The function `gmm` can, therefore, produce two **outputs**.
1. If `flag = 'criterion`, it will output the value of $Q_T(\beta) = g_T(\beta)^{\top} W_T g_T(\beta)$
2. If `flag = 'pricing error`, it will output the $T\times N$ matrix of pricing errors, where each row represents a time period $t$ and each column is a different asset.

In [None]:
def gmm(parameter, cons, ret, W, flag):

    p_error = np.zeros([T, number_assets])          # The matrix in which we are going to store the pricing errors
                                                    # The rows are time periods, the columns are assets

    # The following loop creates the pricing errors for each period and each asset    
    
    ##################################################
    # COMPLETE THE CODE BELOW
    ##################################################
    
     for j in range(number_assets):      
        p_error[:,j] = 

    ##################################################
    # END OF CODE TO BE MODIFIED
    ##################################################    

    g = np.mean(p_error,axis=0)  # Note that this is a row vector
    g = g.T                      # I transform it into column vector (to mirror the notation in the slides)
    
    if flag == 'criterion':
        f = g.T @ W @ g            # returns Q_T(theta)
    elif flag == 'pricing error':
        f = p_error                # returns the pricing errors matrix, T x N
    else:
        print("error: you need to choose either 'pricing error'  or 'criterion'")
    return f

## First-stage estimation
Next, we find the parameters by **minimizing the GMM criterion**:
We use `scipy.optimize.fmin` with the following inputs:

1. `func`. The function to minimize - in our case `gmm` - as defined in the previous snippet.
2. `x0`. The initial guess of the parameter $\beta$: `initial_guess`. This is just our initial guess of the parameter for evaluating the function `gmm` at the beginning of the minimization.
3. `args`. The arguments of the `gmm` function that are not parameters. For our problem, these are the data `cons` and `ret`, respectively. We have to provide the weight matrix `W` and the flag for the function `gmm` as well.

Additional inputs that are optional:

4. `xtol` and `ftol`. This is the tolerance for the minimizer and the function evaluation, respectively. The algorithm will stop automatically when it cannot find another minimizer that is smaller by at least `xtol` than the current one. Same as for the function evaluation. 
5. `maxiter`. The maximum number of iterations to try. The algorithm stops if it reaches `maxiter` attempts, even if it did not find a minimum.
6. `disp`. A variable indicating whether we want to see some results or not. `disp=0` will not show results, `disp=1` will provide additional information.

In [None]:
# First-stage weight matrix (the identity matrix)
W = np.eye(number_assets)
                         
# parameters used to initialize the optimization
initial_guess = 0.5

# minimize the gmm criterion to find the parameters estimates
estimates = scipy.optimize.fmin(func=gmm, 
                                  x0=initial_guess, 
                                  args=(cons, ret, W, 'criterion'), 
                                  xtol=1e-5, 
                                  ftol=1e-5,
                                  maxiter = 100000,
                                  disp=0)
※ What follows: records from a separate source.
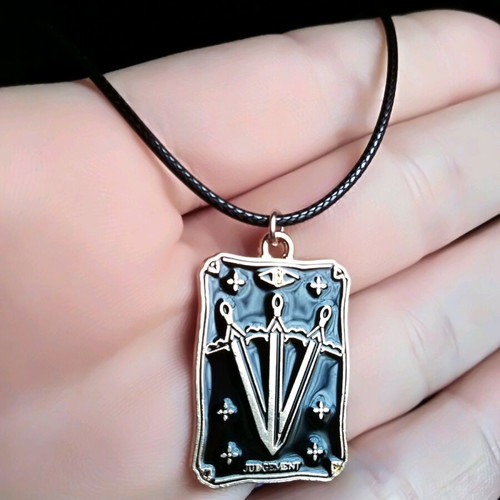 Metagion Tarot The Crisis gold plated with black enamel new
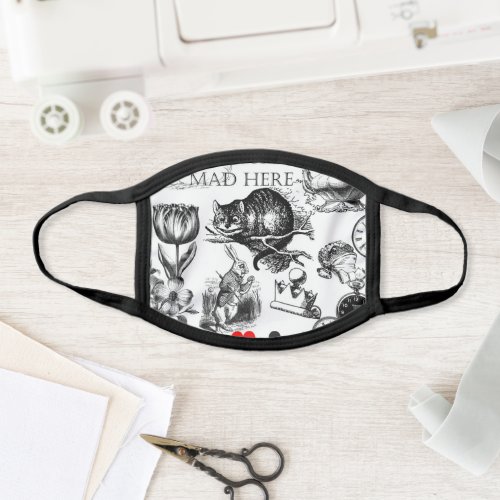 cheshire cat classic alice in wonderland art face mask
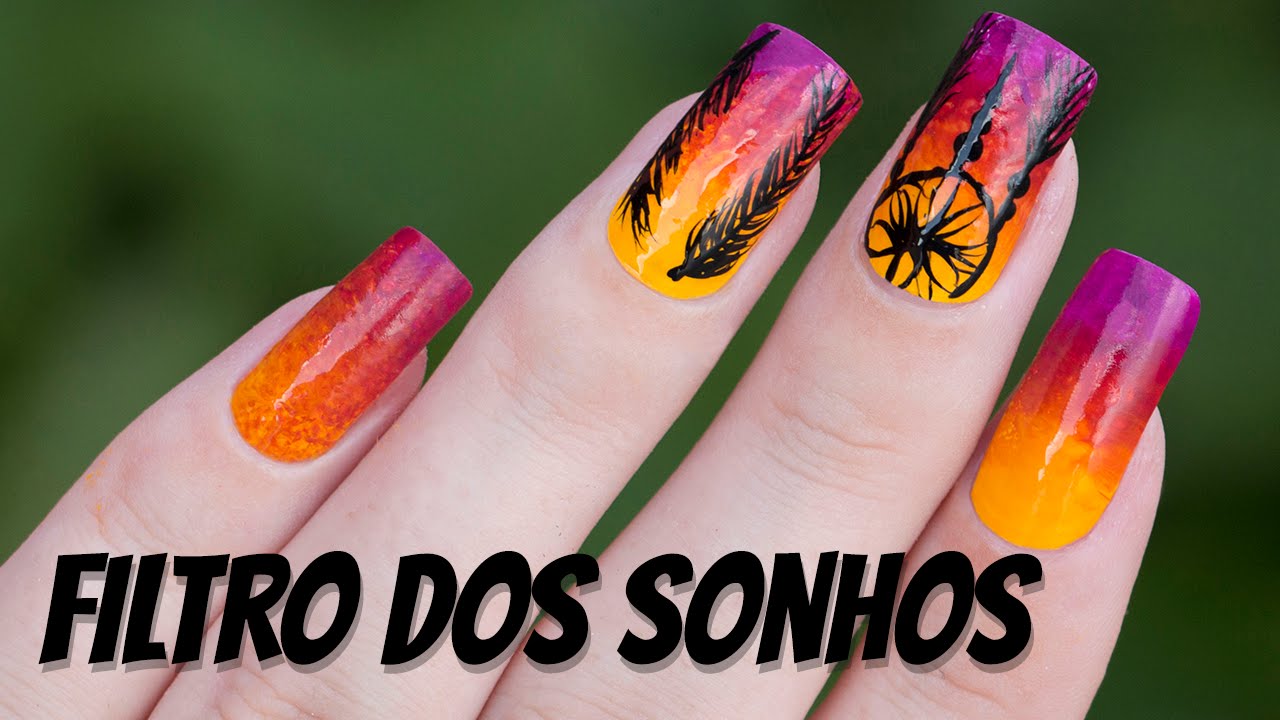 UNHAS DECORADAS COM FILTRO DOS SONHOS - Ideia Rosa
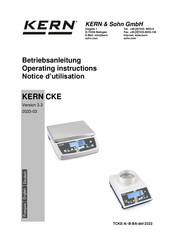 KERN TCKE 16K-4-B Operating Instructions Manual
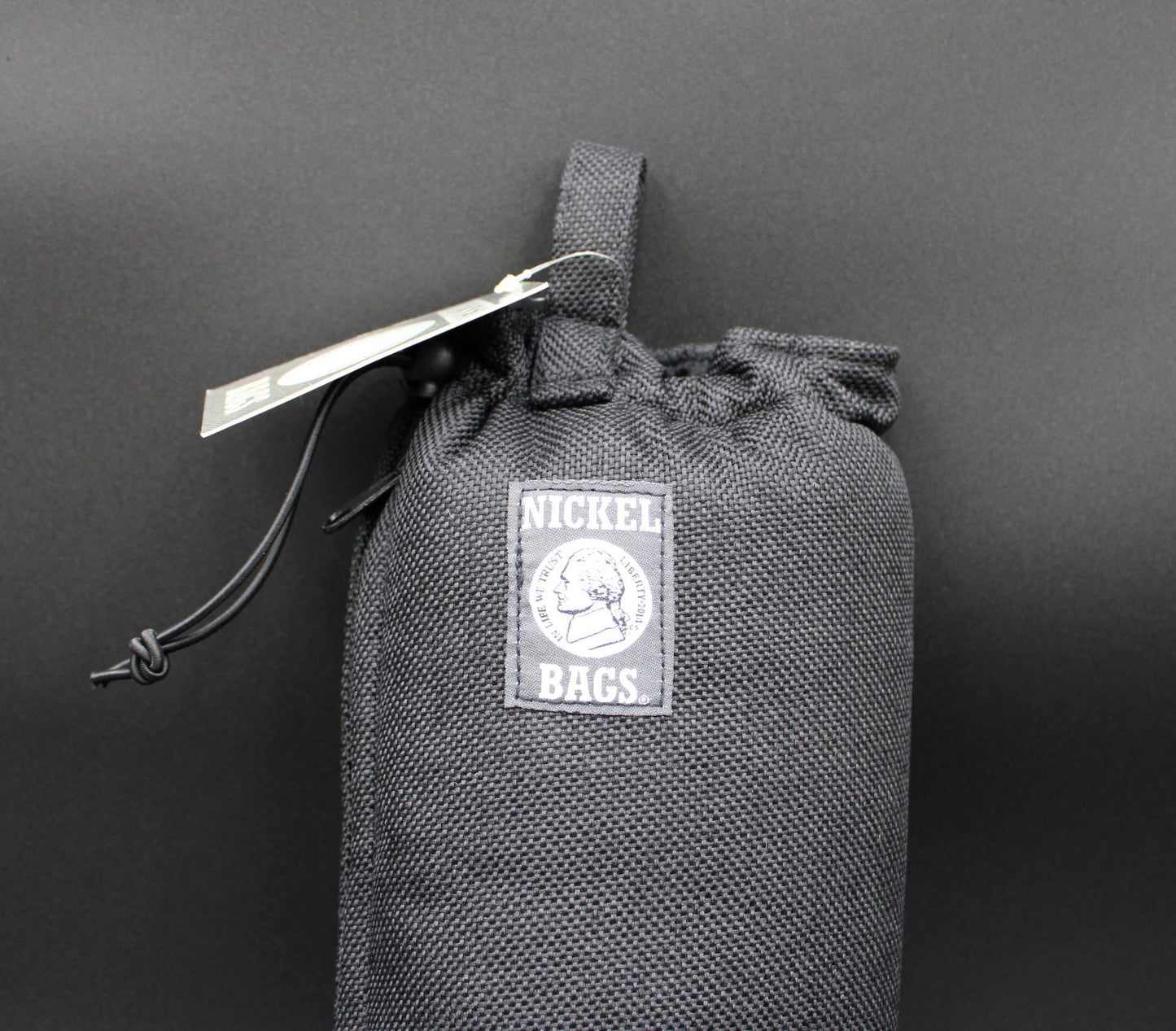 NICKLE BAGS-BLACK 10 INCH DRAWSTRING PROTECTIVE BAG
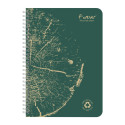 Forever Wire bound Notebook A5 90g, Lined/ Pc.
# The first-stage parameter estimates
print(f'The first-stage estimate of the parameter is {estimates[0]:.3f}')

# `Question 5 (theory + coding)`
## Write (on your piece of paper) the formula for the matrix $\Phi_0$ and its estimator $\widehat{\Phi}_0$, so that you can compute the optimal weight matrix. Complete the code to compute the value of the matrix. 

In [None]:
####################################################################
# We compute the optimal weight matrix using the first-stage estimate
####################################################################

    ##################################################
    # COMPLETE THE CODE BELOW 
    ##################################################
    
    # The pricing errors evaluated at the first-stage estimate
    g_opt = gmm(estimates[0], cons,ret, W, 'pricing error');     

    # Phi_hat.
    Phi_hat = np.zeros([number_assets, number_assets])
    for j in range(T):
        Phi_hat = 


    ##################################################
    # END OF CODE TO BE MODIFIED
    ##################################################

# The optimal weight matrix is just the inverse of Phi_hat    
W_opt = np.linalg.inv(Phi_hat)

## Second-stage estimation (using optimal weight matrix `W_opt`)

In [None]:
# Second-stage estimation 
estimates_opt = scipy.optimize.fmin(func=gmm, 
                                    x0=initial_guess, 
                                    args=(cons, ret, W_opt, 'criterion'), 
                                    xtol=1e-5, 
                                    ftol=1e-5, 
                                    disp=0)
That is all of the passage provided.